Sekolah seperti ini tidak mau terjebak dalam satu standar referensi, melainkan akan mencari dan mempertimbangkan hal-hal penting seperti parents' expectation, teaching profesion, ICT, dan perkembangan dalam disiplin ilmu yang lain. Hal yang dipertimbangkan dalam pengembangan sekolah tidak sekedar apa yang diharapkan oleh DIKNAS. Lebih dari itu! Sekolah yakin kalau kita tidak akan dapat menyiapkan genereasi muda yang produktif kalau sekedar hanya memenuhi standar UN. Banyak ketrampilan hidup yang harus diperkenalkan dan dilatihkan ke siswa secara sistematis dan terpola. Ini memang sebuah idealisme tapi sekaligus juga sebuah kebutuhan.

An entrepreneur is : "The person who habitually creates and innovates to build something of recognized values around perceived opportunities"
(Bolton & Thompson, 2005)

Pendidikan entrepreneur ingin mengajak para praktisi pendidikan untuk terbuka dengan isu yang berkembang di luar teori pembelajaran. Sinergi entrepreneurship dan teori belajar akan menjadi sebuah terobosan. Kalau sekolah dapat mengintegrasikan dua bidang tersebut, mengapa tidak mencoba?


Apakah tidak bertentangan dengan harapan dan peraturan pemerintah?

Harapan pemerintah terwujud melalui sistem managemen sekolah dan kurikulum. Sebenarnya pemerintah sudah memberi keleluasaan bagi sekolah untuk berkembang berdasarkan visi dan misi, yaitu melalui managemen berbasis sekolah. Pemerintah juga hanya menyediakan batasan-batasan melalui kerangka kurikulum yang disebut kurikulum KTSP. Kurikulum jelas memberi perintah pada setiap sekolah untuk mengembangkan kurikulum sendiri berdasarkan panduan yang diberikan. Sekolah mempunyai kewenangan untuk mengembangkan kurikulum sekolah berdasarkan nilai-nilai yang diyakini, (Bolstad, 2004). Mengapa ini tidak dimanfaatkan menjadi sebuah peluang bagi sekolah untuk mengembangkan kurikulum dengan wawasan entrepreneur?

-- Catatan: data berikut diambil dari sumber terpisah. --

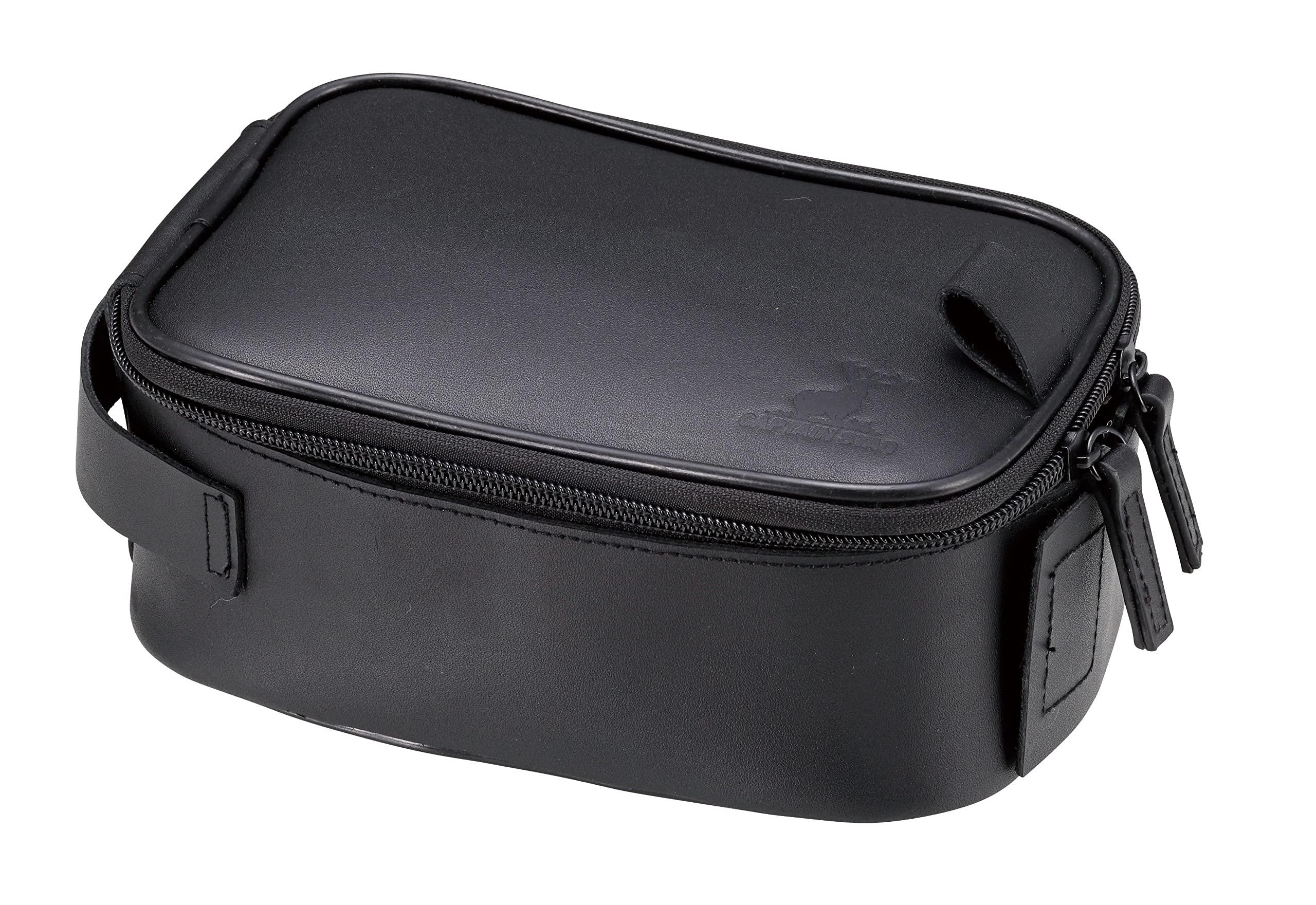 CAPTAIN STAG Mess Tin Case Cooker Case for Aluminum Square Cooker Genuine Leather Case Black UM-1583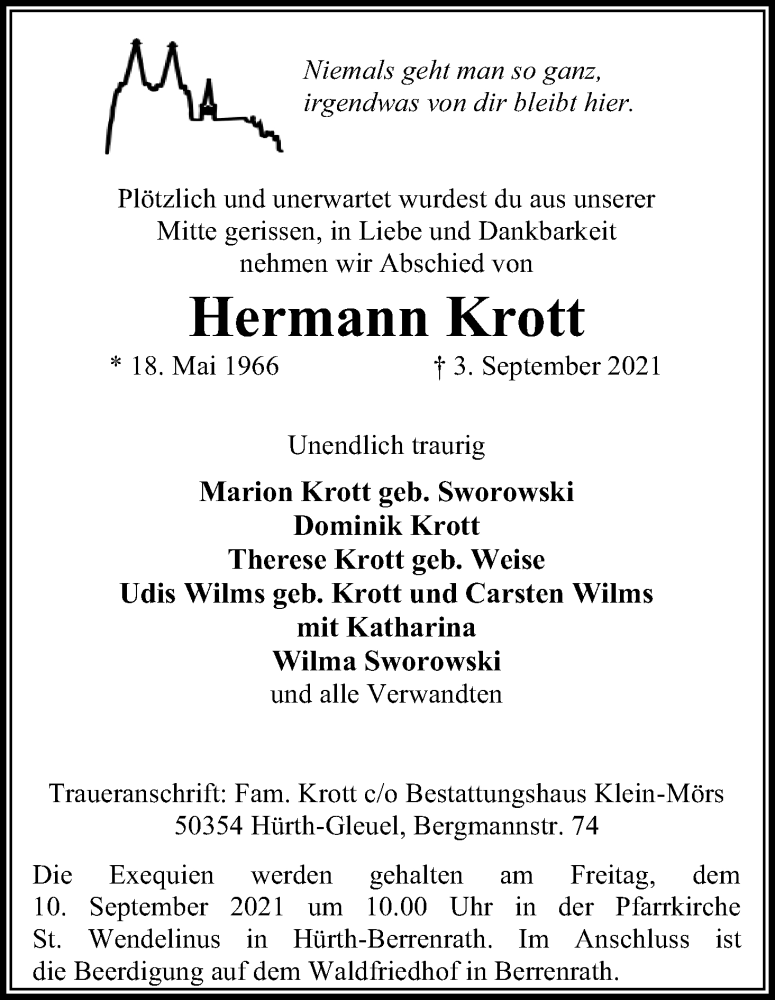  Traueranzeige für Hermann Krott vom 08.09.2021 aus Kölner Stadt-Anzeiger / Kölnische Rundschau / Express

Selama ini banyak sekolah sudah terjebak dalam sebuah cara berpikir, kalau pemerintah A semuanya harus A. kalau diminta B sekolah melakukan B. Padahal sekolah dapat saja mengerjakan A+ atau AA, atau A+B. Begitu juga kalau pemerintah minta B, dapat juga sekolah melakukan B+A, atau B+A+C. Pokoknya kalau sekolah dapat memenuhi standar minimal yang diminta, pemerintah akan setuju, bahkan harus berterimakasih karena masih ada sekolah yang berinovasi.

Kemampuan untuk mengelaborasi adalah menjadi unsur yang penting kalau sekolah mau berkembang. Dari A menjadi A+ , A+B, atau A+ entrepreneur adalah bukan sebuah kesalahan namun sebuah keberanian dan kemampuan yang perlu didorong dan dikembangkan. Sekolah di era sekarang tidak cukup kalau berkembang dengan satu referensi saja. Sekolah harus membiasakan diri untuk mengolah informasi dari berbagai sumber untuk mendukung fokus pengembangan yang dilakukan dengan beresinambungan.